Title Background

Medieval Dreams

Medieval Dreams

The essay opens with a discussion (using both medieval dream theory and psychoanalysis) of the Wife of Bath’s words to her prospective fifth husband, that the previous night she had dreamed of him and that her bed ‘was ful of verray blood’. Zeeman then name-checks central elements of Freud’s Interpreting Dreams, emphasising Freud’s sense that many of the features he identified in dreams are also to be found in the artwork and the literary text.
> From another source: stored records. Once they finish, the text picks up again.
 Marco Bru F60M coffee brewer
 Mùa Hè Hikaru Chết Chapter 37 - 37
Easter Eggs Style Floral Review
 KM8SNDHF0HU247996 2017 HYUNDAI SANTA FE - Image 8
She also reviews Lacan’s re-articulation of Freud’s dream theory in terms of the law of the signifier and the fact that the dreamer ‘does not even know where to pretend to be its organiser’: the dream channels desire, but may also, through its slippages and missed encounters, reveal something more traumatic, an ‘it shows‘. Zeeman notes Lacan’s obsession with Freud’s ‘dream of the burning child’. She goes on to point out the parallels between Freud’s dream theory and the literary-dream theory of the Middle Ages, noting their joint emphasis on the visual image and the contrasting role of language, and a shared preoccupation with questions about the dream’s interpretation, and its origins in the culturally and linguistically imbricated subject.
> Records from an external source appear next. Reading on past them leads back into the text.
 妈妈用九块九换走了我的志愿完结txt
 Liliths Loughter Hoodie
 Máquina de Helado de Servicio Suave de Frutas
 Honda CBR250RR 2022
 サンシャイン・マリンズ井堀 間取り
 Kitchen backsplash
Zeeman then discusses three medieval dream poems. She draws on well-established psychoanalytic readings of medieval love poetry to show how Guillaume de Lorris’s Romance of the Rose moves between the language of voluntarism and involuntarism, of pleasure and violence, and the contrasting claims of subjectivity and the desire of the Other. She also discusses how the poem’s recognition of the secondary and substitutive nature of the object of desire is graphically replayed in the pornographic fetishism of Jean de Meun’s continuation. Zeeman then revisits the arguments of her book on PPl, noting the repeated process by which apparently virtuous desire gets diverted onto lesser objects, resulting in scenes of aggressive critique and narrative breakdown. This time, however, she reads these moments in terms of fetishism and the refusal to recognise the divagatory work of desire, arguing that the real problem with even virtuous phenomena is that ‘they masquerade as the ends of desire’. Finally, Zeeman considers Chaucer’s House of Fame, one of his comedic treatments of desire and loss. Noting the humour of Lacan’s ‘sardine can’ discussion of the gaze, she argues that for both Dido and Geffrey, the discomforting effect of being seen, criticised and even laughed at from a position that they cannot properly grasp or understand, involves something akin to noticing oneself within the gaze.